How to Fine-tune Llama-70B for Structured JSON Generation with Ludwig

December 7, 2023 · 4 min read
Blog Llama 70b with Ludwig v3
Geoffrey Angus
Geoffrey Angus
Wael Abid
Wael Abid
Timothy Wang
Timothy Wang

We believe the future of AI lies in open-source models that are smaller, faster, and fine-tuned on your organization’s proprietary data. In fact, in our experiments, we’ve seen smaller LLMs outperform their larger more expensive commercial alternatives. 

However, larger open-source LLMs are sometimes preferred for certain use cases and one of the major challenges engineers face when fine-tuning these models comes down to the optimizations required to train them quickly and cost-effectively. One of the largest and most popular open-source LLMs available today, Llama-2-70B, has historically been difficult for ML practitioners to train and serve. 
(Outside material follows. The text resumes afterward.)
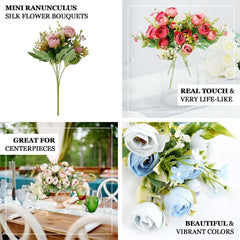 4 Pack 12" Artificial Dusty Rose Ranunculus Silk Flower Bridal Bouquets, Faux Buttercup Floral Arrangement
We’re excited to share that we’ve made it easier than ever to fine-tune Llama-2-70B for free using Ludwig, the powerful open-source framework that enables highly optimized model training through a declarative, YAML-based interface. Ludwig is used by hundreds of organizations like Payscale, Navan (formerly TripActions) and Koo to train custom state-of-the-art LLMs and has over 10,000 stars on github.

In this blog post, we’ll discuss the optimizations introduced into Ludwig to make fine-tuning Llama-2-70B possible, as well as demonstrate the performance benefits of fine-tuning over OpenAI’s GPT-3.5 and GPT-4 models in a case study involving structured JSON generation.

Fine-tuning Llama-2-70B on a single A100 with Ludwig

We made possible for anyone to fine-tune Llama-2-70B on a single A100 GPU by layering the following optimizations into Ludwig:

  • QLoRA-based Fine-tuning: QLoRA with 4-bit quantization enables cost-effective training of LLMs by drastically reducing the memory footprint of the model.
  • Gradient accumulation: accumulating gradients over multiple mini-batches before updating the model's weights is beneficial for effectively training models with limited GPU memory, as it mitigates the need for large batch sizes. This is especially important when training LLMs which tend to be GPU memory-intensive.
  • Paged Adam optimizer: we offload optimizer states to CPU memory from GPU memory in order to make space for activations in the GPU, further reducing memory pressure during fine-tuning.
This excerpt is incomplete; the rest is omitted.